Uvalde Consolidated Independent School District superintendent Hal Harrell said that he put schools police chief Pete Arredondo on administrative leave because the facts of what happened the day in southern Texas remain unclear.
In a statement, Mr Harrell did not address officer's actions as on-site commander during the attack, but said he did not know when details of multiple investigations into the law enforcement response to the slayings would be revealed.
"From the beginning of this horrible event, I shared that the district would wait until the investigation was complete before making personnel decisions," Mr Harrell said.
"Because of the lack of clarity that remains and the unknown timing of when I will receive the results of the investigations, I have made the decision to place chief Arredondo on administrative leave effective on this date."
A spokesperson for the Uvalde school district, Anne Marie Espinoza, declined to say whether Mr Arredondo would continue to be paid while on leave.
Another officer will assume the embattled chief's duties, Mr Harrell said.

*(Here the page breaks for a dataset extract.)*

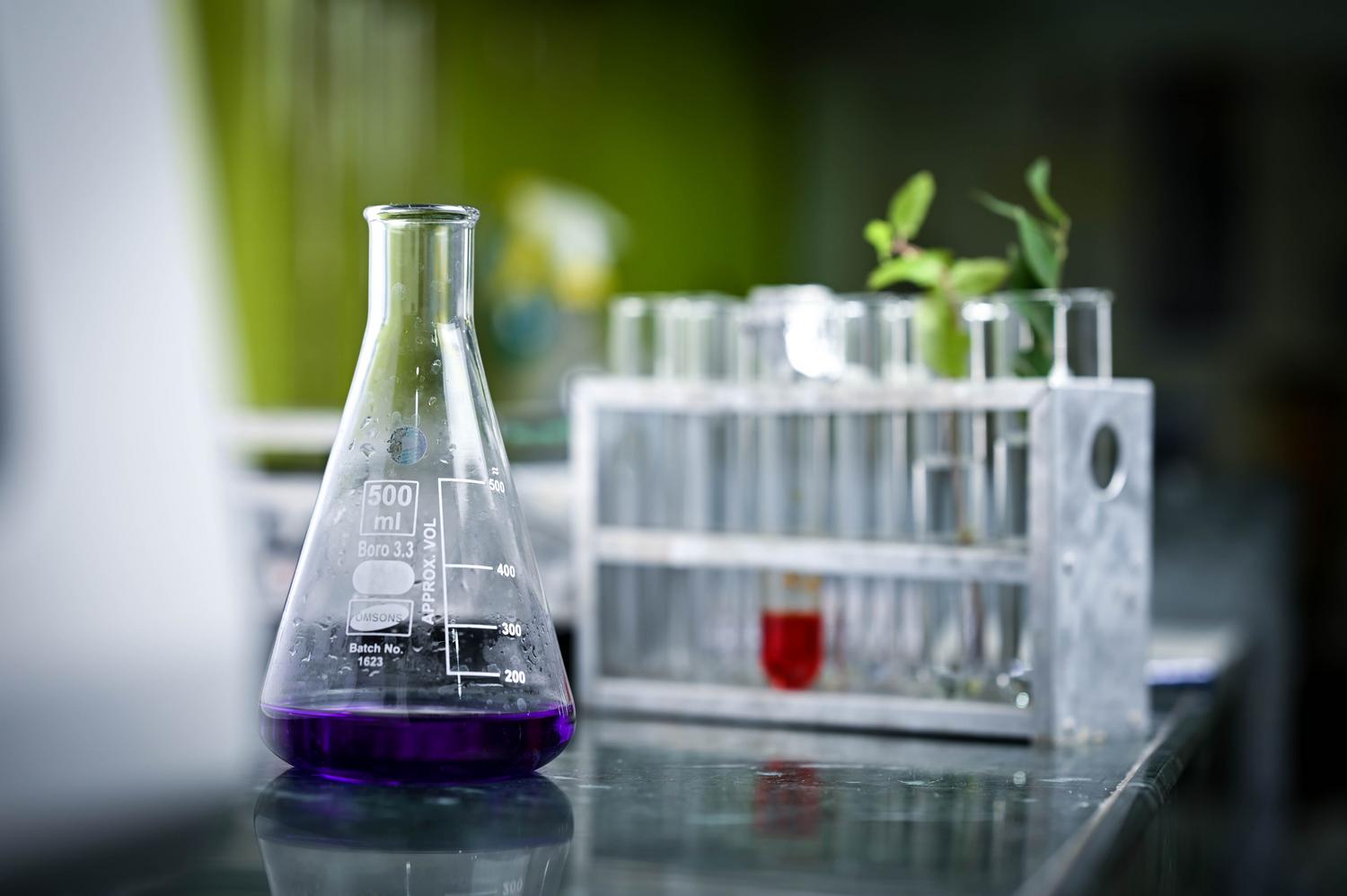 Matraz de laboratorio con líquido púrpura representando el análisis de la composición de líquidos complejos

Colonel Steven McCraw, director of the Texas Department of Public Safety, told a state Senate hearing on Tuesday that Mr Arredondo made "terrible decisions" as the massacre unfolded on May 24, and that the police response was an "abject failure".
Three minutes after 18-year-old Salvador Ramos entered the school, sufficient armed law enforcement were on scene to stop the gunman, Mr McCraw testified. Yet police officers armed with rifles waited in a school hallway for more than an hour while the gunman carried out the massacre.
The classroom door could not be locked from the inside, but there is no indication officers tried to open the door while the gunman was inside, Mr McCraw said.
The colonel has said parents begged police outside the school to move in and students inside the classroom repeatedly pleaded with 911 operators for help while more than a dozen officers waited in a hallway. Officers from other agencies urged Mr Arredondo to let them move in because children were in danger.
"The only thing stopping a hallway of dedicated officers from entering Room 111 and 112 was the on-scene commander who decided to place the lives of officers before the lives of children," Mr McCraw said.
Mr Arredondo has tried to defend his actions, telling the Texas Tribune that he did not consider himself the commander in charge of operations and that he assumed someone else had taken control of the law enforcement response.
He said he did not have his police and campus radios but that he used his cellphone to call for tactical gear, a sniper and the classroom keys.
It is still not clear why it took so long for police to enter the classroom, how they communicated with each other during the attack and what their body cameras show.
Officials have declined to release more details, citing the investigation.
Mr Arredondo, 50, grew up in Uvalde and spent much of his nearly 30-year career in law enforcement in the city. He took the head police job at the school district in 2020 and was sworn in as a member of the city council in a closed-door ceremony on May 31.